══ DATA SUPPLIED ══

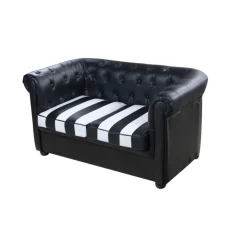 SILLÓN DE ESPERA CHESTER JCO DOS PLAZAS NEGRO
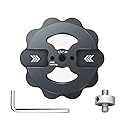 Magnetic Phone Tripod Mount,1/4" Thread Cold Shoe 360° Rotation,Compatible with iPhone16 15 14 13 12 Pro All Series,Magnetic Ring iPhone Tripod Mount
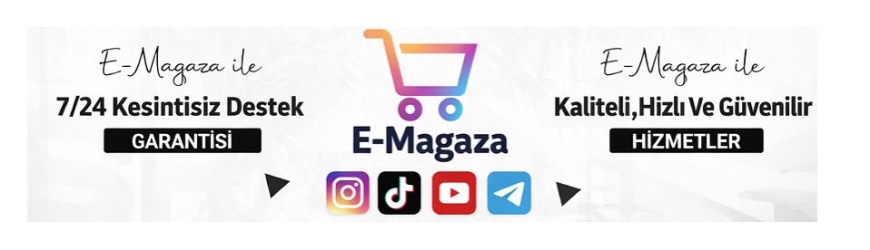 E-Mağaza Kapak Fotoğrafı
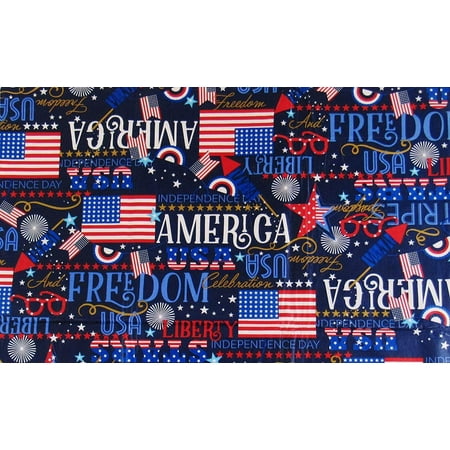 

Freedom and Sentiments Vinyl Flannel Back Tablecloth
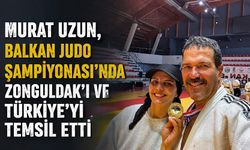 Murat Uzun, Balkan Judo Şampiyonası’nda Zonguldak’ı ve Türkiye’yi temsil etti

═══

**EXERCISE DESCRIPTION**
Your answer must be the records above, word for word, with no pictures.

**EXPECTED ANSWER**
 SILLÓN DE ESPERA CHESTER JCO DOS PLAZAS NEGRO
 Magnetic Phone Tripod Mount,1/4" Thread Cold Shoe 360° Rotation,Compatible with iPhone16 15 14 13 12 Pro All Series,Magnetic Ring iPhone Tripod Mount
 E-Mağaza Kapak Fotoğrafı

Freedom and Sentiments Vinyl Flannel Back Tablecloth
 Murat Uzun, Balkan Judo Şampiyonası’nda Zonguldak’ı ve Türkiye’yi temsil etti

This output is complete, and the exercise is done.